Growing up, I was the type of child who always spoke my mind. I never bit my tongue for anybody. I felt that in order for me to have a close-knit relationship with a lot of people, they needed to know how I felt about them. I grew up in the church, and I do realize that a lot of people have the perception that if you’re in the church, you have to act a certain way for people to like you.

I was raised in the church, and my mother used to always sit us on the second row, to ensure that we would not fall asleep. Service would last for about 3 hours and then I would be ready to leave. In the church, I came across a guy, who I now consider my “play cousin”. We developed a bond thicker than any other bond I had with someone. Every day, my cousin and I would talk on the phone, share secrets, go out to eat, participate in church; anything you could think of. It wasn’t until 2 months before his death that I stopped talking to him because he did something that I didn’t like. I ignored him all the time, never replied to his messages; I distanced myself from him. I knew I was treating him bad, but I thought he needed to know how I felt about certain situations. Once again, that was a moment where I didn’t bite my tongue and I let him know how I felt.

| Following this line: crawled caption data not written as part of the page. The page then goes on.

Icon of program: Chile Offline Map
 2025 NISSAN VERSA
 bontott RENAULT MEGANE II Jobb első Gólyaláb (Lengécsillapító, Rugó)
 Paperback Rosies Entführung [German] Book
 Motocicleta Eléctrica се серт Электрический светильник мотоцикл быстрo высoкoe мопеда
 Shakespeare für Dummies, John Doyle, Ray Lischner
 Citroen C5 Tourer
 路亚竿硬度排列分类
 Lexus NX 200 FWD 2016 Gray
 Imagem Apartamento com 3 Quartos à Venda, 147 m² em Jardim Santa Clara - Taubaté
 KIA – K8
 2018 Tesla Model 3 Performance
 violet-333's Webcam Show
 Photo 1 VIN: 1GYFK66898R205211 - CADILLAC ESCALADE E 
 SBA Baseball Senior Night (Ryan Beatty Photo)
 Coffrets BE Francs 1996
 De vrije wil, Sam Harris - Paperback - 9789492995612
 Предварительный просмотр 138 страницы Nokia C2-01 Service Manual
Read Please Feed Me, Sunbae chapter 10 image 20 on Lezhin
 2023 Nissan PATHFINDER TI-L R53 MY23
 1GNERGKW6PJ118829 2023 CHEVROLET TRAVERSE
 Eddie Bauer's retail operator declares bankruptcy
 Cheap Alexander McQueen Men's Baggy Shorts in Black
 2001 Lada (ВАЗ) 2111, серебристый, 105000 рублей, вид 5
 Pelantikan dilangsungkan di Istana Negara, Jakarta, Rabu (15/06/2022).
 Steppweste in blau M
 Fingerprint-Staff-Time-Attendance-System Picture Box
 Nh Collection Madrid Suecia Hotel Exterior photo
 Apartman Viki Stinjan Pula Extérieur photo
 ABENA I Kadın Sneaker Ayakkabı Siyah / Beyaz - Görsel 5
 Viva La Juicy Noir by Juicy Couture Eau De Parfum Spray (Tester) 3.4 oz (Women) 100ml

His last Sunday in church, he attempted to spark a conversation, when I told him I was mad at him and didn’t want to talk to him. His last words to me were “Well, I still love you”. The next day, he was murdered. Sometimes I feel so guilty for the way I acted towards him because he’s gone and I can’t apologize. That is why I believe that the way I treated him; someone will treat me that same way. Karma comes back two fold, probably more. Be careful how you treat people, because it might turn around on you. This I believe.